Sunday, June 30, 2019

SURRENDER

      Surrender...thats what I'm about to do. I honestly don't know how much more strength I can muster. I'm so emotionally drained that I'm physically drained every-day as well.  Last week it got so bad that I had to call the cops because I became so afraid. And that takes a lot. But when you are face to face with someone stronger than you who is waving an ax towards you and punching holes in the walls it's hard not to want to seek protection. I guess when you tell me you hate me every-day you really mean it.  I mean you would have to truly hate someone to treat them that way. I know a lot has to do with the fact that I'm a bitch towards you a lot of the time but you have to ask yourself why.  Could it be all the resentment I hold towards you for all of the things you've done to me? Maybe the fact that you could lie, sneak , cheat and belittle me every-day?

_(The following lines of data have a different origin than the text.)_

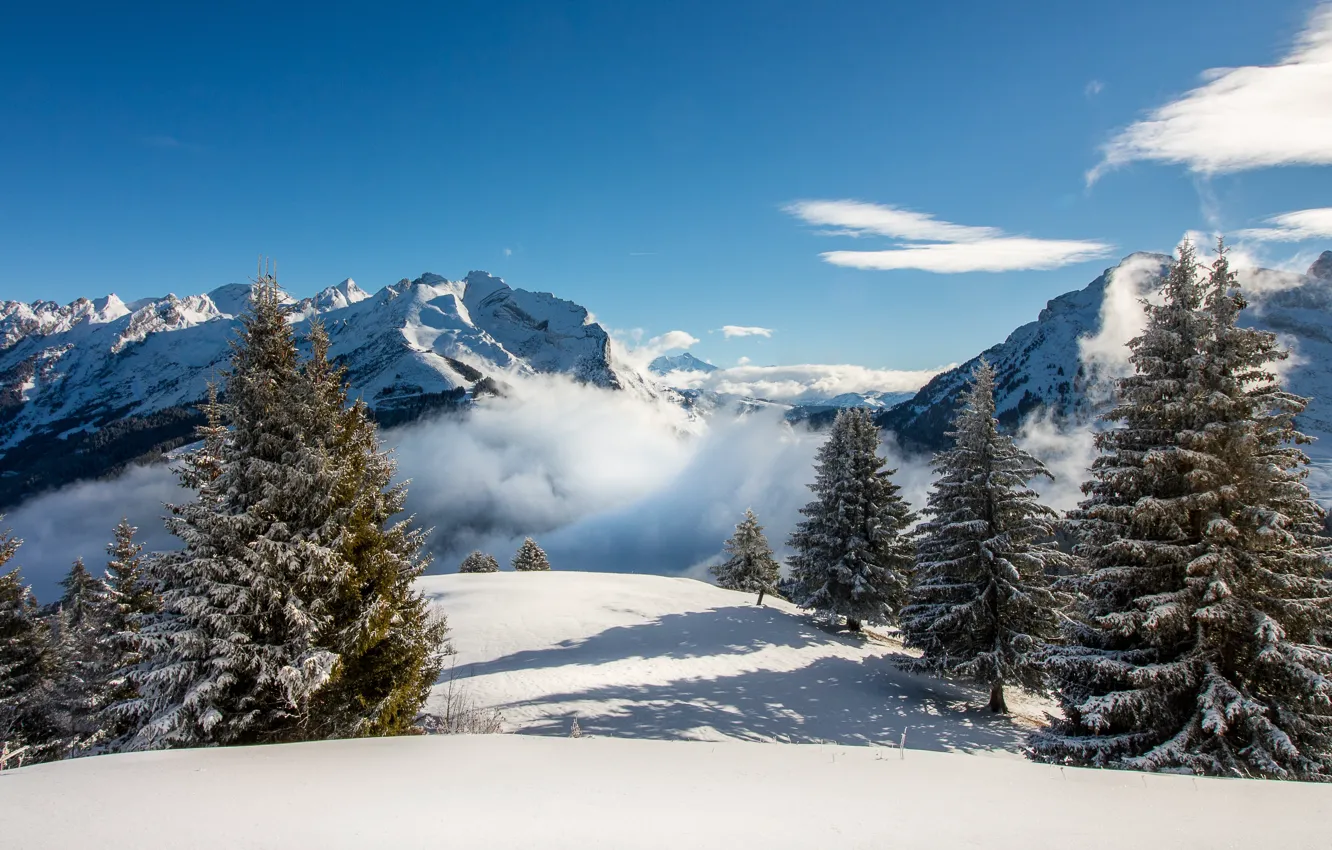 Photo wallpaper winter, the sky, snow, trees, landscape, mountains, nature, fog
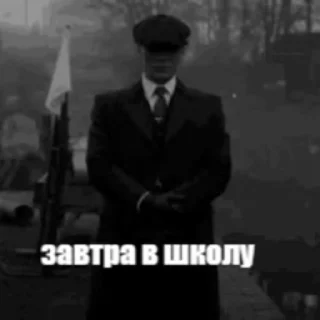 🌟 emoji Стикер пак пон Telegram sticker 20 of 115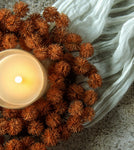 #G233629 Mini Rust Chestnut Seed 10In Candle Ring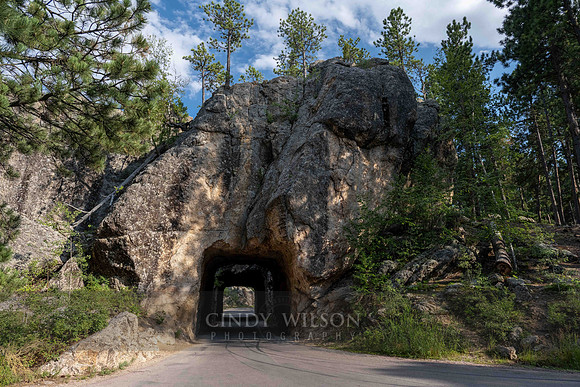 Tunnel, Needle Drive, SD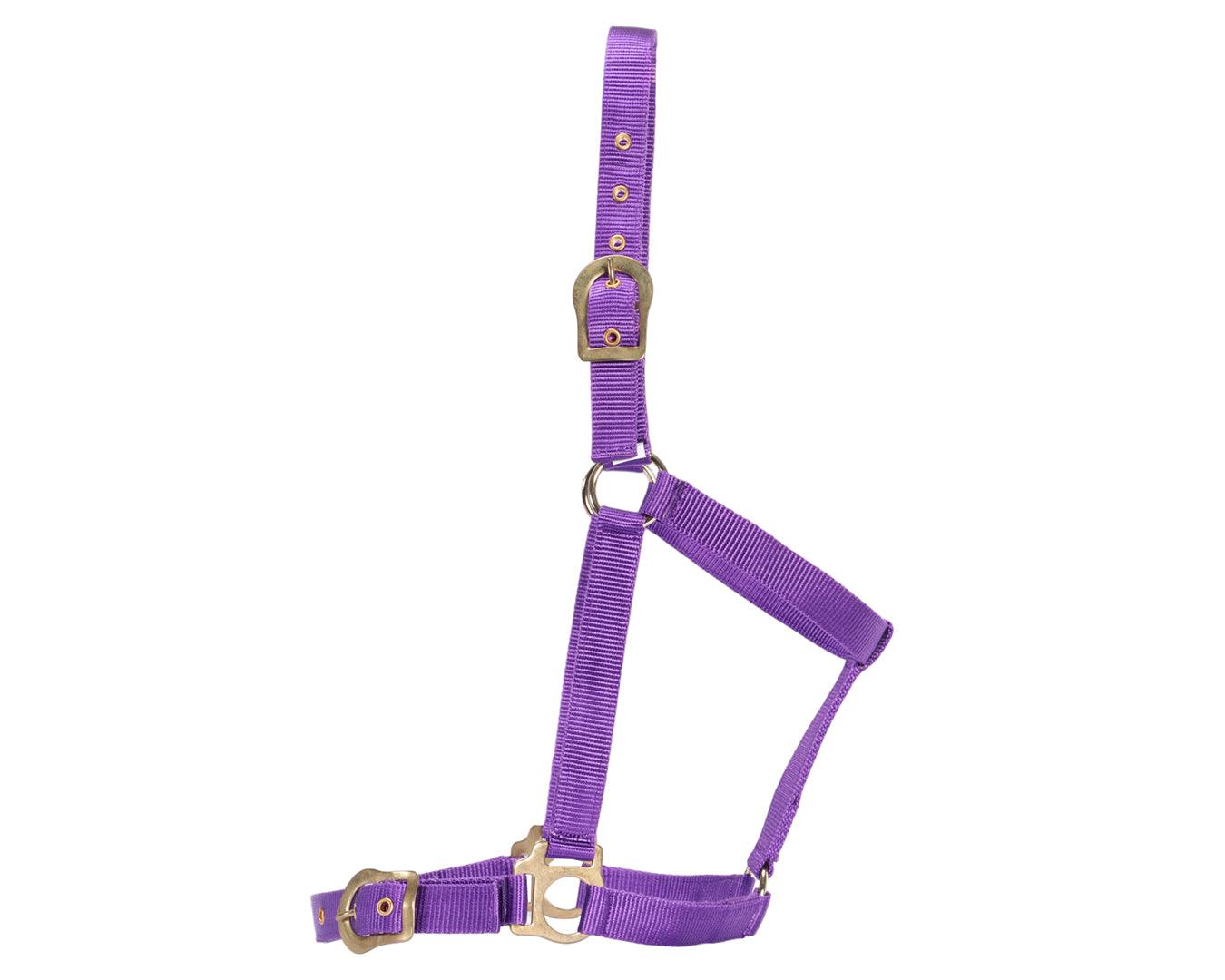Rancher Halter w/Brass Buckles - Image 19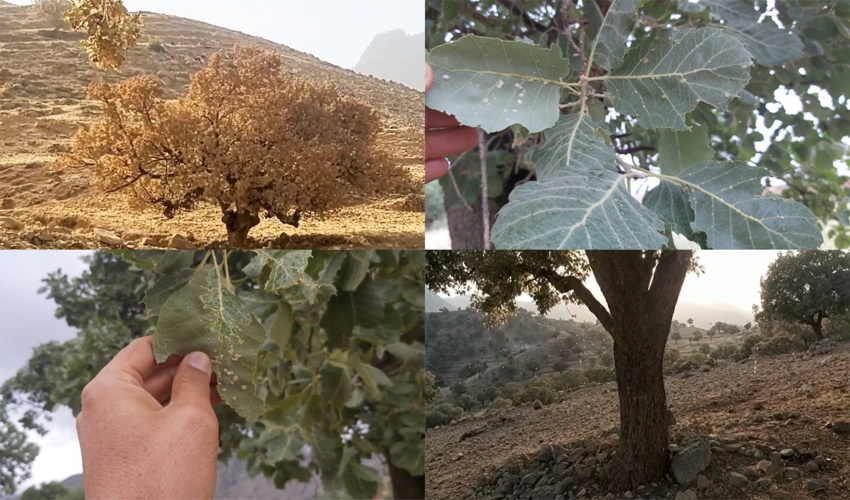 حمله 2 آفت به 60 هزار هکتار از جنگل های زاگرس در 5 ماه گذشته/ لزوم تخصیص بودجه ویژه به سازمان منابع طبیعی 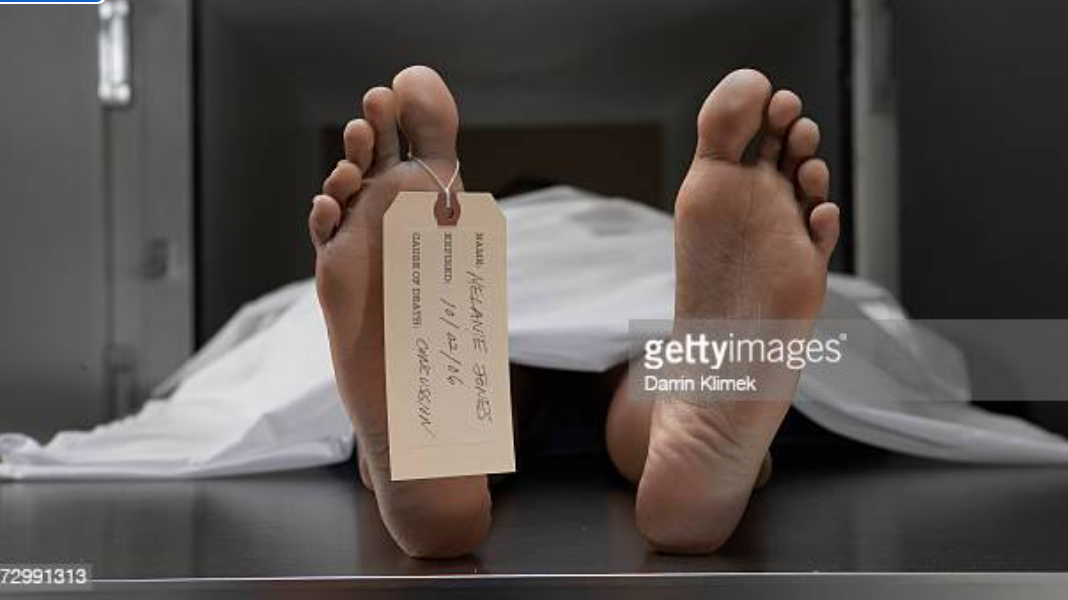 Néma : un mort dans le conflit foncier de Néchab Néma : un mort dans le conflit foncier de Néchab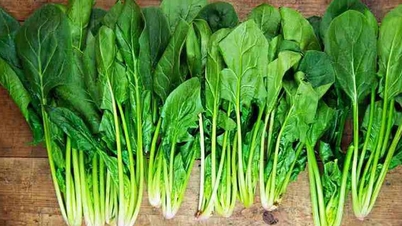 5 tipos de verduras de invierno ricas en fibra que son buenas para la digestión.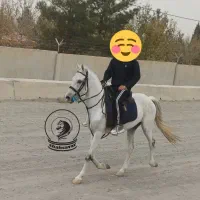 سوارکاری با اسب|اسب و تجهیزات اسب‌سواری|مشهد, شهرک صنعتی توس|دیوار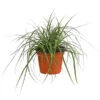 Weißbunte Japan-Segge 'Variegata' 2 Weißbunte Japan-Segge 'Variegata' -Ecopots Garten Geschaft 8026775 PR FS 001 CarexWeiss GruenT13SeggeDehnerExpressHerzig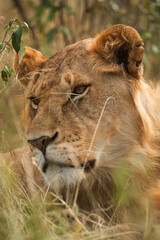 Closeup of Lion with bokeh of grasses, Masai Mara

While I pay for the roof over your head? The bike you drive to go meet the women?  How about the fact that you never cook for yourself and are catered to like crazy. Do you understand how lucky you are to have someone like that?  Especially after all you've done to me. I know, I know you try to justify it by telling the world I have also cheated on you. But we were states apart when that happened and I had totally shut myself off from you.  even changing my number so you wouldn't contact me.  Not cheating in my eyes. It wasn't the same type of thing like days before when you had multiple women in an apt that was still in my name. How about when you lie to the world and make it sound like you are the one who keeps the roof over our heads and pays for your own shit? Do you know how loud the screaming is in my head?  And how fair has it been that the money you make doesn't help with the bills?  How are you giving it to me? The screaming is so so bad I want to just blurt it out.  But I don't wanna take a chance of being chased by that ax again.  That thing is no joke. I wouldn't dare throw the first swing now seeing your true feelings really project when we argue. I wish it was how it was at the beginning, or at least how I imagined it to be. Every day I'd ask you where my safest place was and the answer would always be the same....in your arms.  Now the only place that has ever felt safe to me is the place I fear the most.